**TASK**
The entire listing below must be written out word for word.

======

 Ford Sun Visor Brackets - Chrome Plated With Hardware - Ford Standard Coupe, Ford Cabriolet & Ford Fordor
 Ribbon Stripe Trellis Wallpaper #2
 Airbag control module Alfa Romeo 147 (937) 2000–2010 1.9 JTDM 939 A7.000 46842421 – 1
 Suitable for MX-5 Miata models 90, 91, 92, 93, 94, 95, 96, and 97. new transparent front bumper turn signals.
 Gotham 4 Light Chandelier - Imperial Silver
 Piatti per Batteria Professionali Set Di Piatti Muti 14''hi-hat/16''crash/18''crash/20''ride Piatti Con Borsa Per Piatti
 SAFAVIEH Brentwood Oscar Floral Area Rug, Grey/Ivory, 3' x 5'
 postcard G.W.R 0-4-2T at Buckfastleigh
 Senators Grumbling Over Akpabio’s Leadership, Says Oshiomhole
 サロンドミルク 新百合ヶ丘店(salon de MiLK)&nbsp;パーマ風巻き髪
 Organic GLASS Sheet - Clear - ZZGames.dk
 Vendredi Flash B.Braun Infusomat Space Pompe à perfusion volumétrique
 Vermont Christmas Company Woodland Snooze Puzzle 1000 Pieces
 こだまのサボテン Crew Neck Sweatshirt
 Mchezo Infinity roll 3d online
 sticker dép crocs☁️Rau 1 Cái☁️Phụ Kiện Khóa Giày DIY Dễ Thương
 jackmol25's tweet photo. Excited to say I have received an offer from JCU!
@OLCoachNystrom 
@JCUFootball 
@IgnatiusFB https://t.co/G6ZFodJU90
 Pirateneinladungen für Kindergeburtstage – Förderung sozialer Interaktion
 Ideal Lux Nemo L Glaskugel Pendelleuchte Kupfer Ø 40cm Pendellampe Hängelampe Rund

======

**TASK RESPONSE**
 Ford Sun Visor Brackets - Chrome Plated With Hardware - Ford Standard Coupe, Ford Cabriolet & Ford Fordor
 Ribbon Stripe Trellis Wallpaper #2
 Airbag control module Alfa Romeo 147 (937) 2000–2010 1.9 JTDM 939 A7.000 46842421 – 1
 Suitable for MX-5 Miata models 90, 91, 92, 93, 94, 95, 96, and 97. new transparent front bumper turn signals.
 Gotham 4 Light Chandelier - Imperial Silver
 Piatti per Batteria Professionali Set Di Piatti Muti 14''hi-hat/16''crash/18''crash/20''ride Piatti Con Borsa Per Piatti
 SAFAVIEH Brentwood Oscar Floral Area Rug, Grey/Ivory, 3' x 5'
 postcard G.W.R 0-4-2T at Buckfastleigh
 Senators Grumbling Over Akpabio’s Leadership, Says Oshiomhole
 サロンドミルク 新百合ヶ丘店(salon de MiLK)&nbsp;パーマ風巻き髪
 Organic GLASS Sheet - Clear - ZZGames.dk
 Vendredi Flash B.Braun Infusomat Space Pompe à perfusion volumétrique
 Vermont Christmas Company Woodland Snooze Puzzle 1000 Pieces
 こだまのサボテン Crew Neck Sweatshirt
 Mchezo Infinity roll 3d online
 sticker dép crocs☁️Rau 1 Cái☁️Phụ Kiện Khóa Giày DIY Dễ Thương
 jackmol25's tweet photo. Excited to say I have received an offer from JCU!
@OLCoachNystrom 
@JCUFootball 
@IgnatiusFB https://t.co/G6ZFodJU90
 Pirateneinladungen für Kindergeburtstage – Förderung sozialer Interaktion
 Ideal Lux Nemo L Glaskugel Pendelleuchte Kupfer Ø 40cm Pendellampe Hängelampe Rund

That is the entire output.